August 10, 2010 15:09 IST

Against the backdrop of the WikiLeaks disclosure about Pakistani spy agency Inter-Services-Intelligence's double-game in Afghanistan, former US Deputy Secretary of State Richard Armitage has said the Pakistani spy agency has a relationship with the Taliban.

"When we got muddled down to 2005 to 2008 or so, I think Pakistan and the ISI changed their mind and they wanted to have a vote at the Pashtun table in Afghanistan and they started (having a relationship with the Taliban)," he said in response to a question at the popular Charlie Rose show on PBS.

His remarks came weeks after WikiLeaks, a whistle-blower website, made public thousands of classified US military documents on the Afghan war, which also revealed the ISI's double game including its Taliban links.

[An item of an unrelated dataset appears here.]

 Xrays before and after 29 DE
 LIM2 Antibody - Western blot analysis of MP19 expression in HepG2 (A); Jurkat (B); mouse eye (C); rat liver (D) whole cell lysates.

However, Armitage said when he was the deputy secretary he did not find any evidence of such a relationship between the ISI and Taliban.

"When I was deputy secretary, I looked almost every day-- from the time that we invaded Afghanistan until I left in February of 2005--for evidence of any assistance from ISI. We didn't see it. We saw some liaison, but not modern equipment or weapons or anything of that nature. I believed at that time--first of all, we had dispersed the Taliban to a very high degree -- and ISI were thinking that the coalitions were going to prevail," he observed.

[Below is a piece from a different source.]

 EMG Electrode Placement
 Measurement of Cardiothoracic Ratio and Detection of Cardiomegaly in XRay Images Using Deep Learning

Armitage was recently in Pakistan where he met some of the former ISI officials having close links with the Taliban and they, according to him, told him that the US would fail in Afghanistan. "A couple of months ago, I had the opportunity to go to Pakistan and Afghanistan and I actually met a former ISI director and he's written -- a former counterpart of mine years ago -- and he's written terrible things about the United States.

"He had with him a fellow by the name of Colonel Imam (Colonel Sultan Amir Tarar, better known as Colonel Imam) who's the father of the Taliban. And Colonel Imam, as I was looking up to see for drones overhead, he proceeded to give me an hour long treatise on why the United States would fail in Afghanistan and the relationship between Pakistan and Afghanistan," Armitage said.

"He (Colonel Imam) said basically these are graduates of the university of the Kalashnikov. They're fighting for their country and you're not. You're infidels. They will get you," according to the former Bush-era official.